▶ [What is required] Taking the line with "Emerald envy diamond ring For Sale" as the first and the line with "Load image into" as the last, set down the lines below exactly, pictures excluded.

▶ [Exercise inputs]
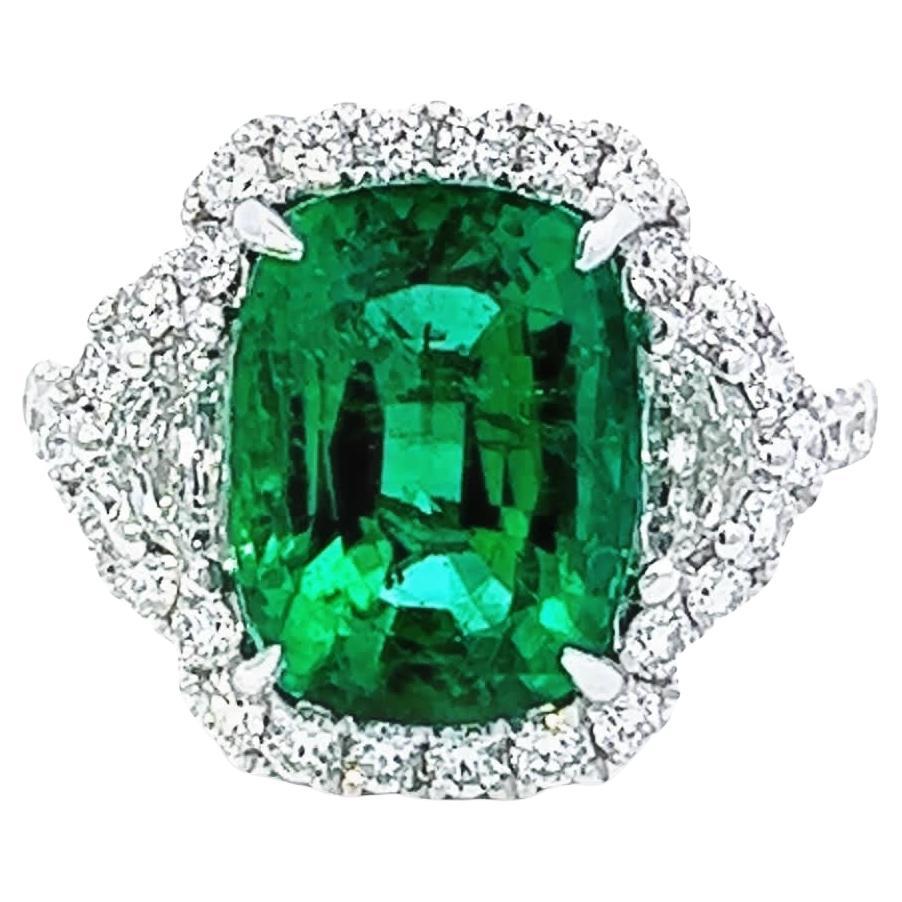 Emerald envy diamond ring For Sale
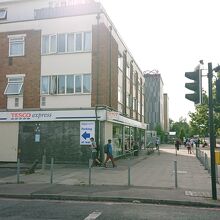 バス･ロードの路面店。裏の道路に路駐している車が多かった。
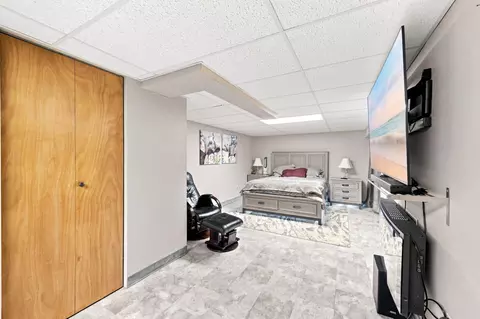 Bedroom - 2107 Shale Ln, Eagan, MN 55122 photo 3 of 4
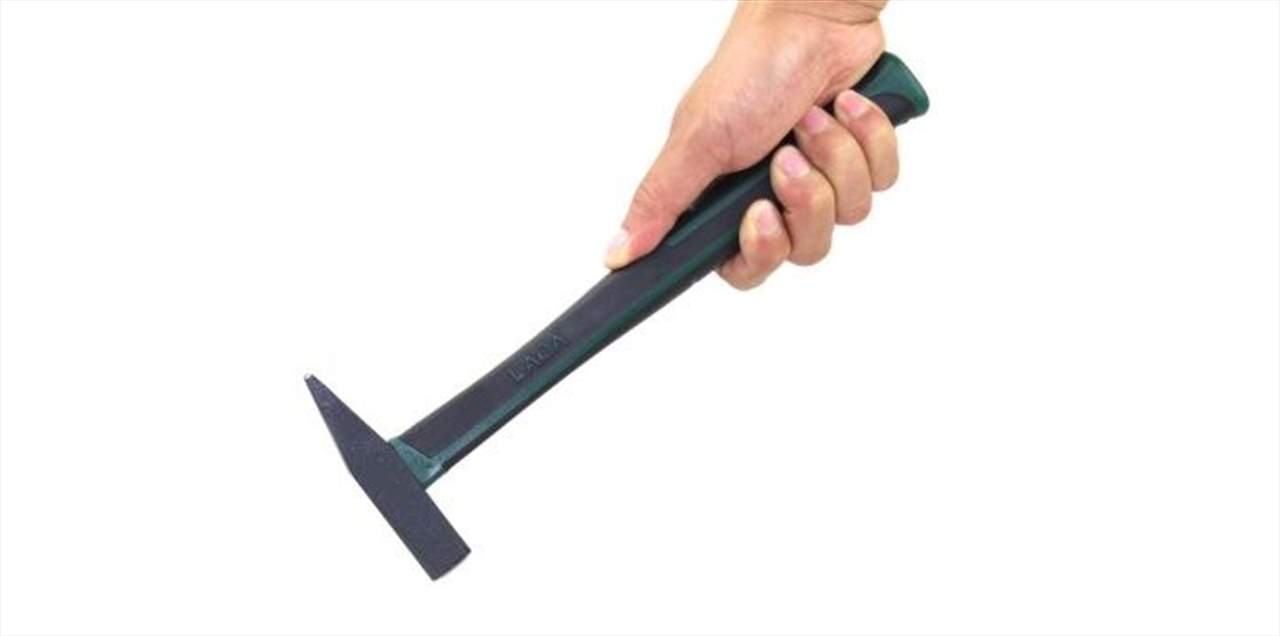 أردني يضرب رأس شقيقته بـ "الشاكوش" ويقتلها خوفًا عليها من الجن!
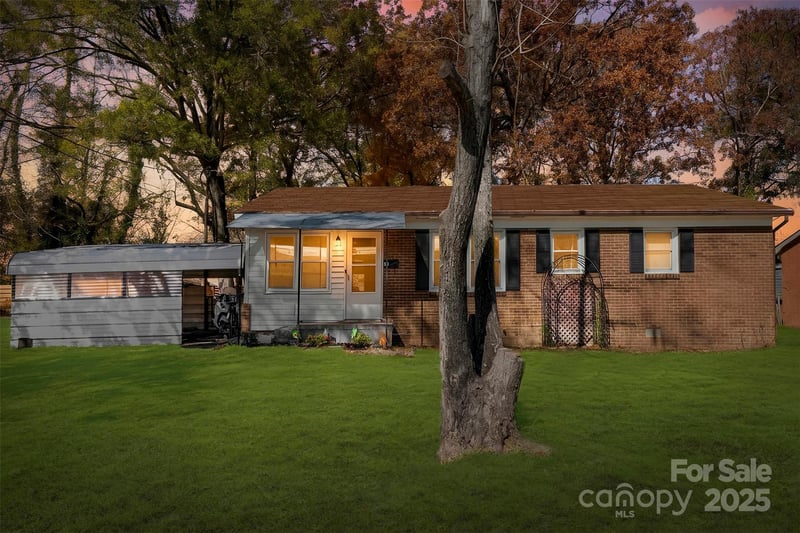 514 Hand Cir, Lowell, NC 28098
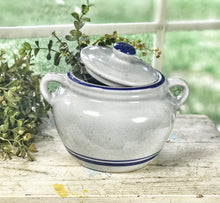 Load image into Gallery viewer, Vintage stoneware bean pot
---
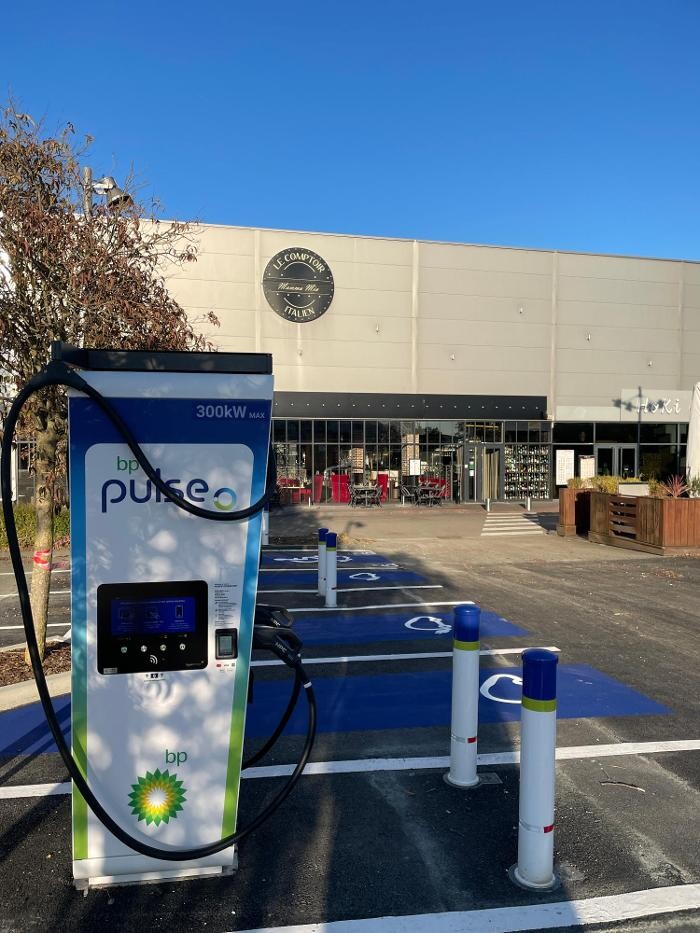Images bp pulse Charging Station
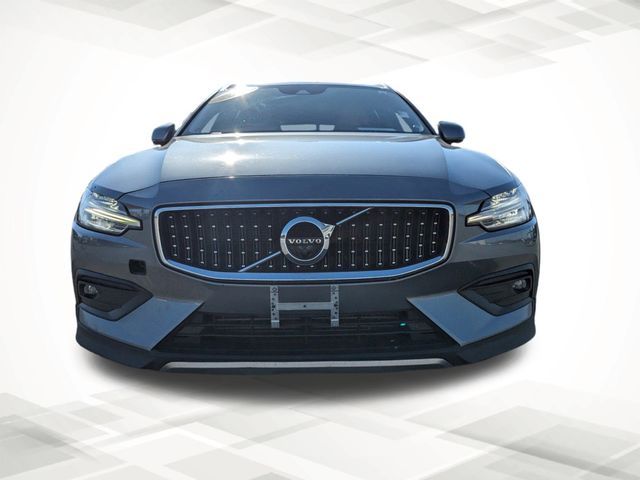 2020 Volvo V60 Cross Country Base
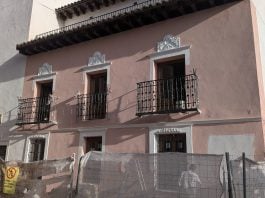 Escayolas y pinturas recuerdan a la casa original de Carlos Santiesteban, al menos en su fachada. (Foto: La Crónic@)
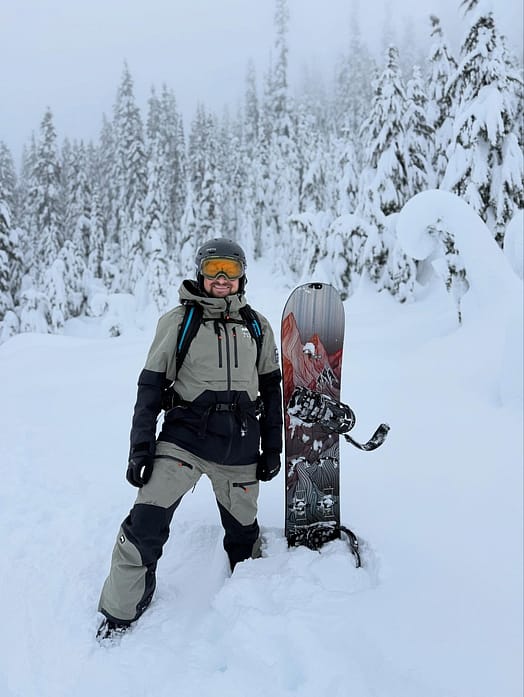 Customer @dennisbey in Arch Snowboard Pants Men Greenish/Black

▶ [Expected answer]
 Emerald envy diamond ring For Sale
 バス･ロードの路面店。裏の道路に路駐している車が多かった。
 Bedroom - 2107 Shale Ln, Eagan, MN 55122 photo 3 of 4
 أردني يضرب رأس شقيقته بـ "الشاكوش" ويقتلها خوفًا عليها من الجن!
 514 Hand Cir, Lowell, NC 28098
 Load image into Gallery viewer, Vintage stoneware bean pot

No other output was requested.